*WORK REQUIRED*
The response should repeat word for word every line below from the one with "From Pauper to" to the one with "博格达诺维奇塞尔维亚世界杯,克罗地亚博格丹诺维奇", inclusive, and nothing else; leave pictures out.
DATA SUPPLIED Block Start
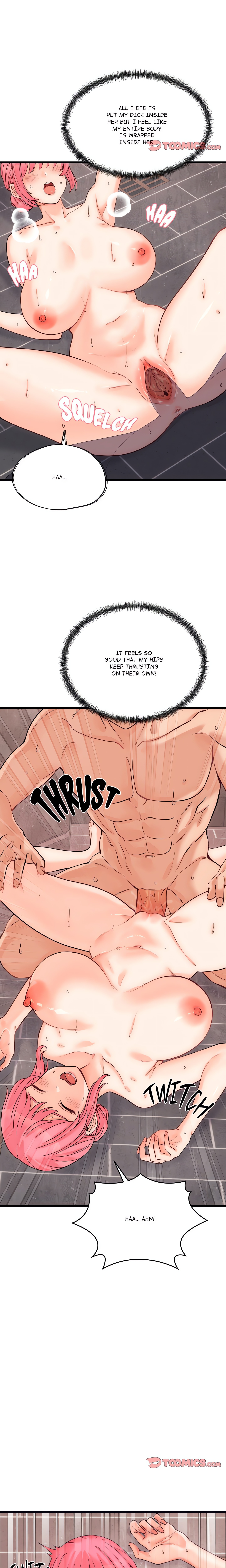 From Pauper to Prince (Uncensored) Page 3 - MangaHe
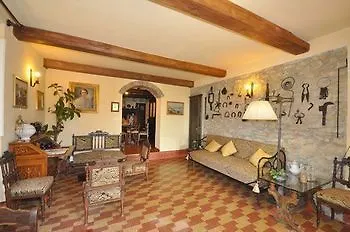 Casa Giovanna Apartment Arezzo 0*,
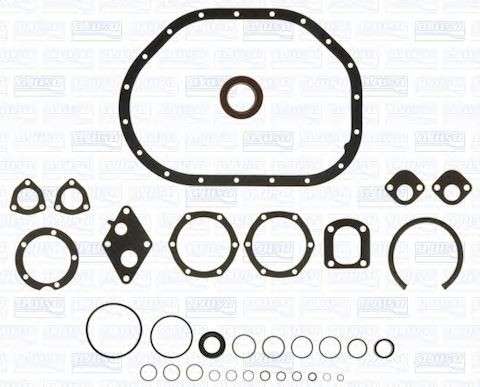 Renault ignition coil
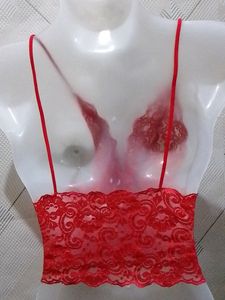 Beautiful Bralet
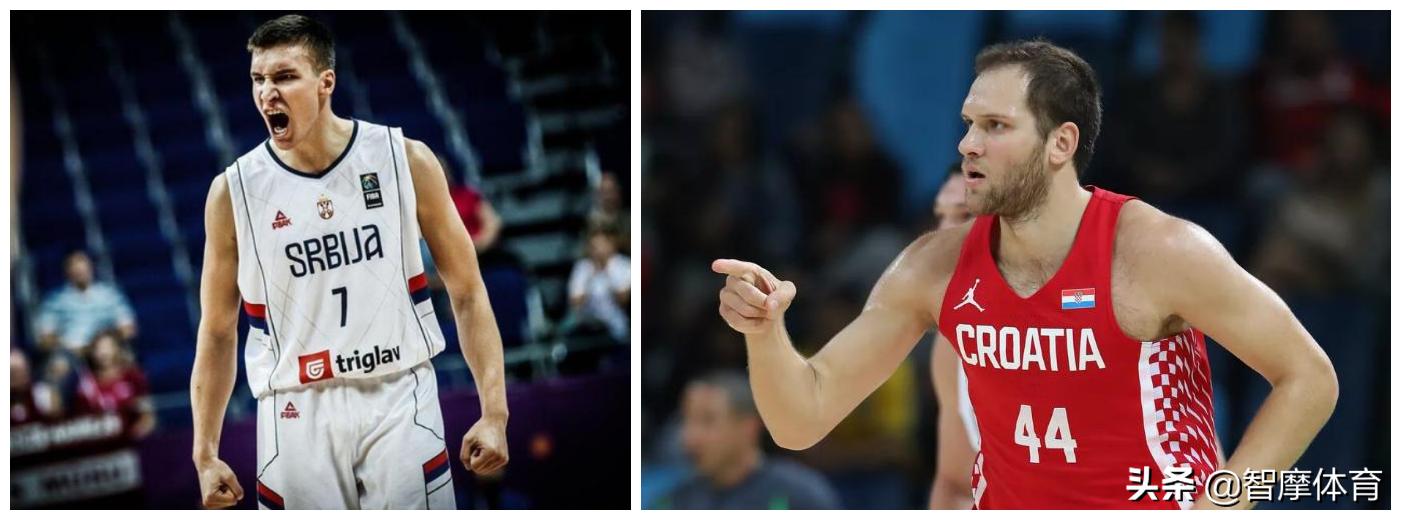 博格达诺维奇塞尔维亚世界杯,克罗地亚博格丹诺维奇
DATA SUPPLIED Block End
DATA SUPPLIED Block Start
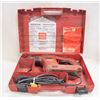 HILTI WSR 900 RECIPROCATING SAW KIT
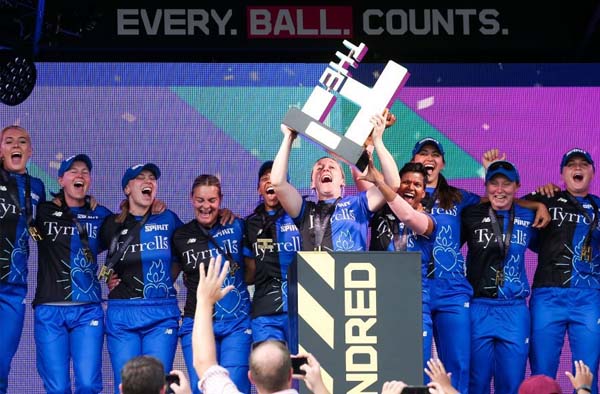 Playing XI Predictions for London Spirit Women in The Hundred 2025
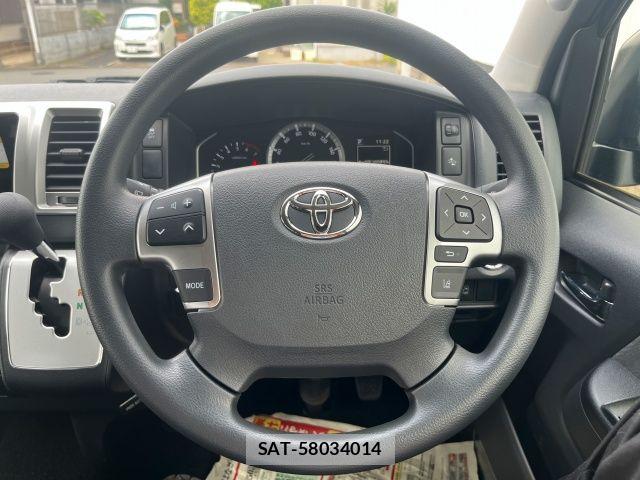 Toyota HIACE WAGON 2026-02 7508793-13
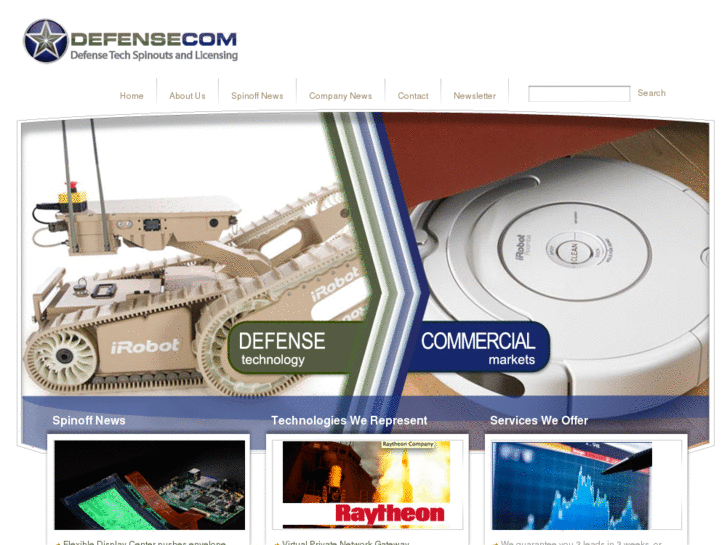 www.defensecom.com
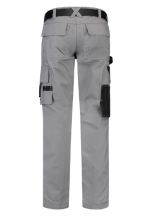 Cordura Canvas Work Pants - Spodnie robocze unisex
DATA SUPPLIED Block End
*RESPONSE TO THE EXERCISE*
 From Pauper to Prince (Uncensored) Page 3 - MangaHe
 Casa Giovanna Apartment Arezzo 0*,
 Renault ignition coil
 Beautiful Bralet
 博格达诺维奇塞尔维亚世界杯,克罗地亚博格丹诺维奇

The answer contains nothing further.